--- What you have to do ---
Please transcribe exactly the lines from the first line of the records below through the line containing "Björn Axén Tools Flow Travel Hair Dryer", including both, and omit all pictures.

--- Records for this task ---
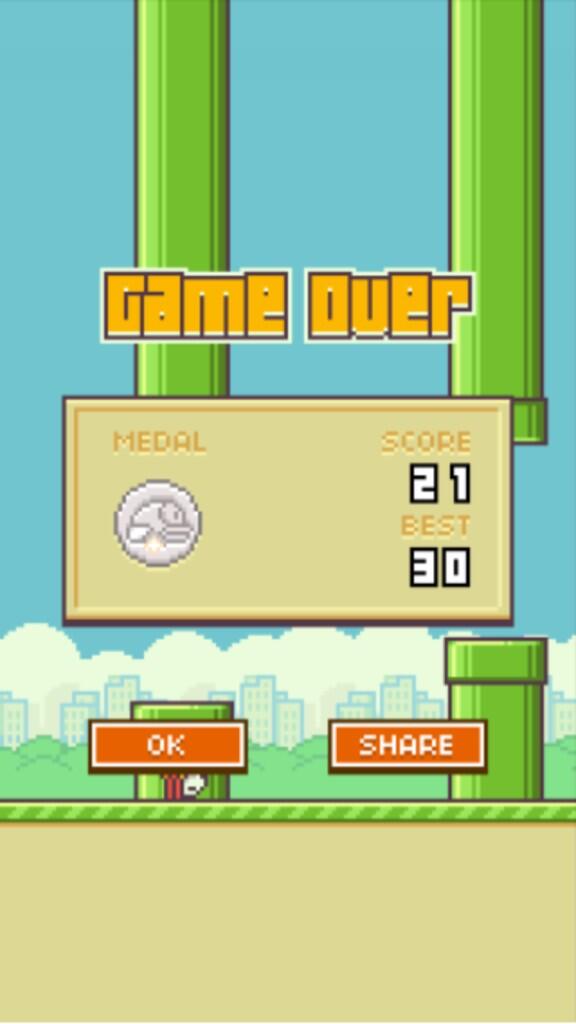 cryingofangry's tweet image. Do you have to make me feel like there&apos;s nothing left of me? #FuckYou #GameOver #BitterWords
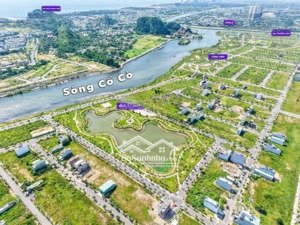 đất nền dự án đà nẵng giá rẻ, tự xây, trung tâm, gần biển.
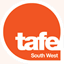 tafesouthwest.edu.au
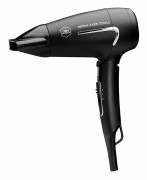 Björn Axén Tools Flow Travel Hair Dryer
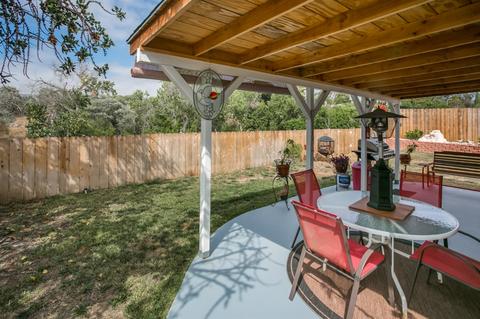 9348 Oakbourne Rd, Santee, CA 92071 photo 24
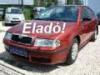 Elad Skoda Octavia 1 4 16V Gyrtsi v 2003 10 Felszereltsg manulis klma ABS vezetoldali lgzsk utas oldali lgzsk metlfny kzponti zr elektromos ablak elektromos tkr immobilizer CD s rdi trzsknyv szervokormny autbeszmts lehetsges 10 tl elvihet j gumik lmpamos minden autnkhoz ajndk navigci r 1 590 000 Tel 06703387452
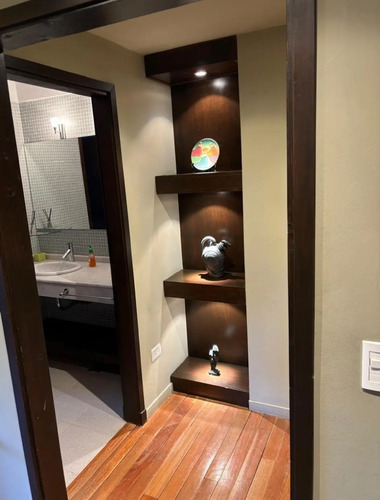 Brc 780 Casa A La Venta En Barrio Cerrado Arelauquen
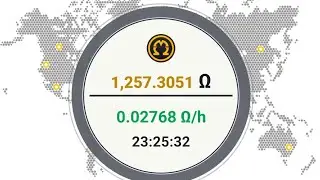 HOW TO WITHDRAW YOUR OMEGA COIN BEFORE IT'S BURNT ❤️‍🔥❤️‍🔥❤️‍🔥❤️‍🔥 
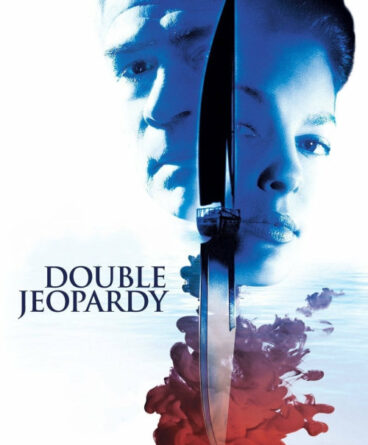 Çifte Tehlike 1080p Türkçe Dublaj & Altyazılı İndir…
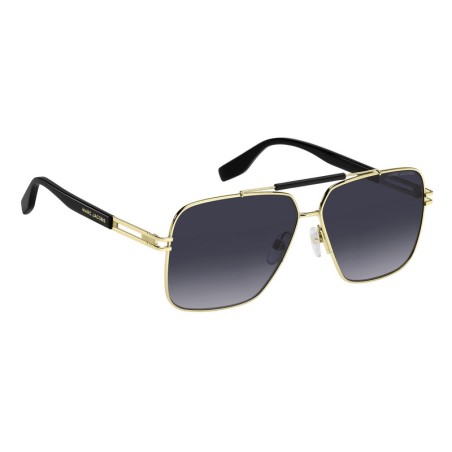 Marc Jacobs MARC 716/S 807(9O) Marc Jacobs MARC 716/S 807(9O)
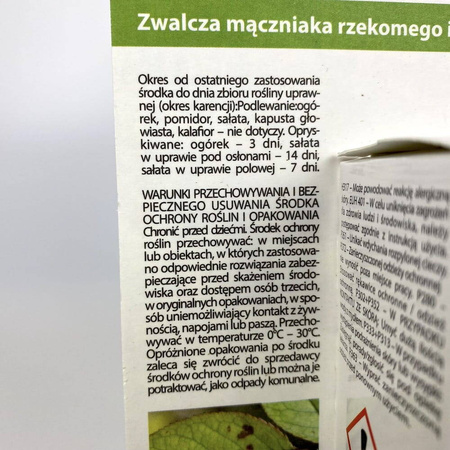 Proplant Rośliny Ozdobne 30 ml
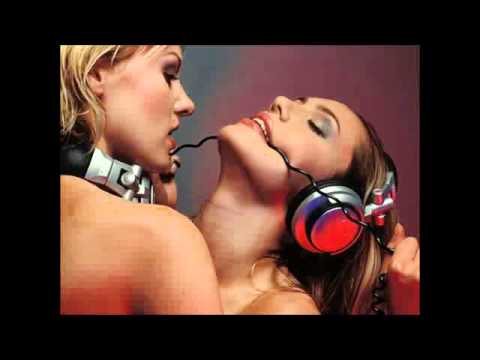 Jean Carles Ferrer - This Is House Music (Original Mix)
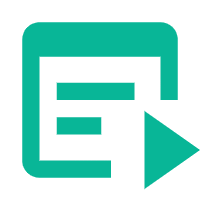 数据体量大传输压力高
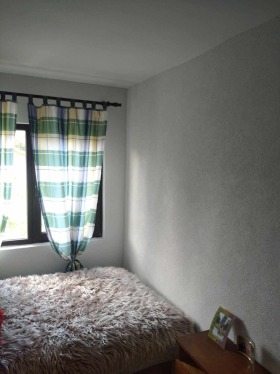 ������� ���� | Imot.bg � ����� ������ 9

--- Written solution ---
 cryingofangry's tweet image. Do you have to make me feel like there&apos;s nothing left of me? #FuckYou #GameOver #BitterWords
 đất nền dự án đà nẵng giá rẻ, tự xây, trung tâm, gần biển.
 tafesouthwest.edu.au
 Björn Axén Tools Flow Travel Hair Dryer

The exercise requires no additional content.